1835 short story by Nikolai Gogol

"The Old World Landowners" (Старосветские помещики) is a short story written in 1835 by Nikolai Gogol. It is the first tale in the Mirgorod collection. A bittersweet and ironic reworking of the Baucis and Philemon legend from Ovid's Metamorphoses, it is a simple story that represents the mature Gogol and hints at his later works.

==Plot==
Gogol opens by providing a romantic description of landowners in the countryside, giving particular attention to minute details. The two landowners, Afanasy Ivanovich Tovstogub and Pulkheriya Ivanovna Tovstogubikha live peacefully together in a remote village. The descriptions of them fit into the Slavophile tradition, comparing them strikingly against urban Little Russians (Ukrainians), particularly in Saint Petersburg, who are referred to as "paltry contemptible creatures" (because they acquire wealth dishonorably and conceal their descent by changing their last names to sound like Great Russians).

The two old landowners live in peace, with a mutual love that brings a sense of sympathy. The bulk of the opening focuses on their day-to-day lives, eating jelly, making jokes and so forth. Eventually, Gogol introduces Pulkheriya’s grey cat, which Afanasy jokes about, wondering why anyone would waste time with such a creature. The cat is introduced with a sense of foreboding, with Gogol commenting that little things can affect the stability of the strongest realities ("a melancholy incident that transformed forever the life of that peaceful nook").

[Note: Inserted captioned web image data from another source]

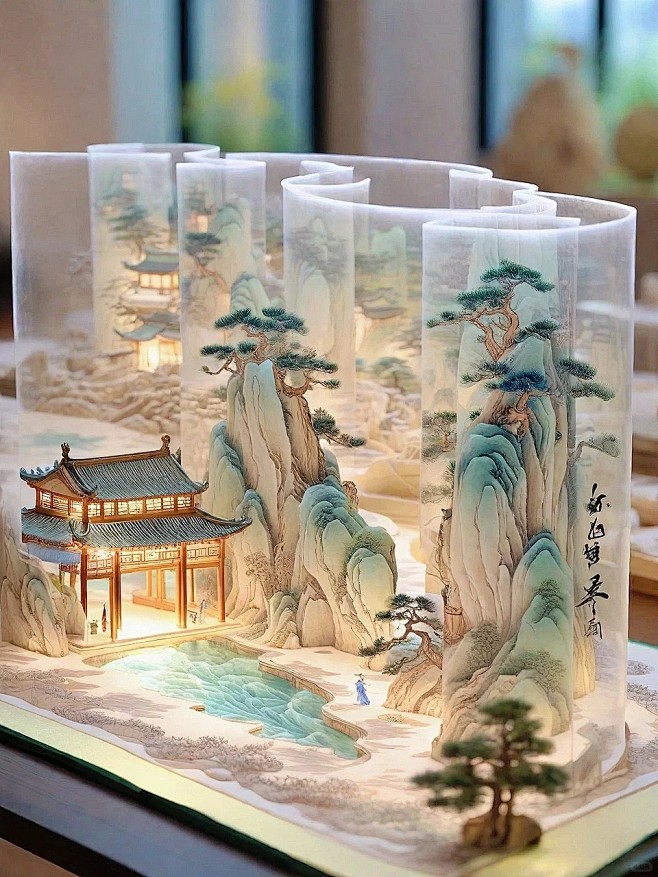 带你走进王希孟的千里江山图_7_AI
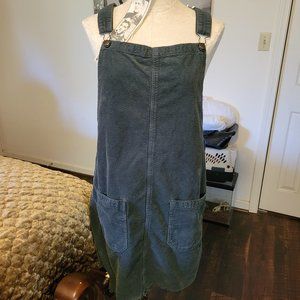 American Eagle Corduroy Bib Overall Skirt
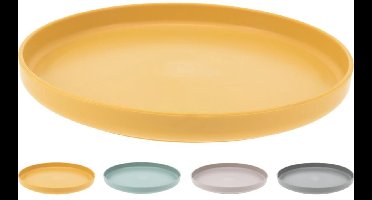 Bord gerecycled kunststof Ø19,5cm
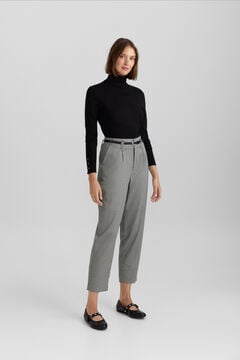 Springfield Pantalon tailored ceinture
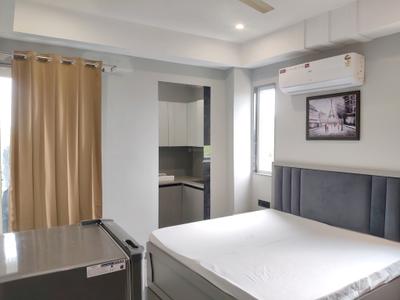 Bedroom Image of 680 Sq.ft 1 RK Builder Floor for rent in Sector 46 Gurgaon for Rs. 24000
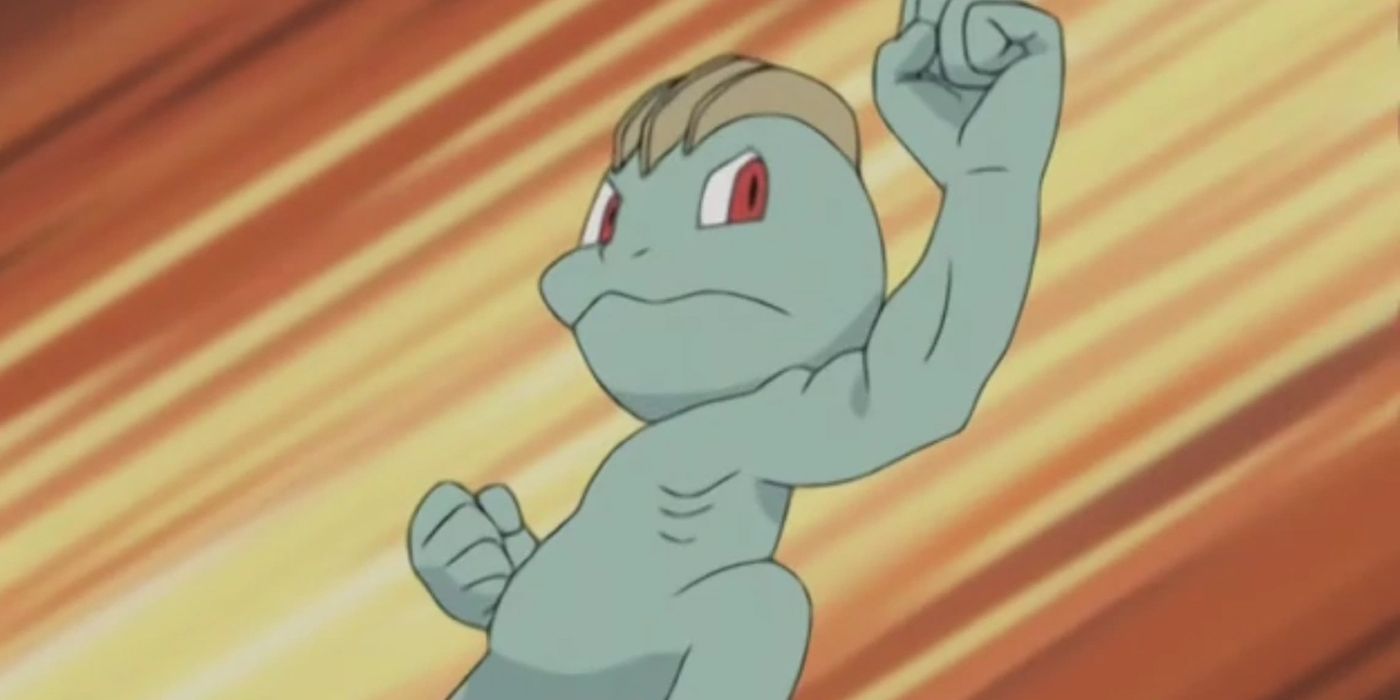 Pokemon fighting Worst Machop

The cat gets away at one point, and Pulkheriya finds it shortly thereafter in a feral state. Though it comes back to her and goes inside the house to be fed, the cat seems strangely different and eventually flees the house to never return. Pulkheriya then sinks into thought, believing that death will soon come for her. She grows ill and weary and dies, leaving Afanasy alone. He progressively breaks down, disturbed by the smallest things for they remind him of Pulkheriya. The entire area he had control over slowly becomes more degraded as his condition worsens, and he himself dies after he believes he hears her calling to him outside.

A distant kinsman from an unknown location, who was a lieutenant, takes over control of the estate, and soon everything falls into ruin. He puts the estate under the care of a board of trustees, bringing things like a fine English sickle to clear the area, and the huts on the property soon fall down, leaving some peasants drunken and hopeless and others to run away to find better lives. The new owner rarely visits the estate, and the story ends commenting on his visits to local markets to buy nothing over a ruble in price.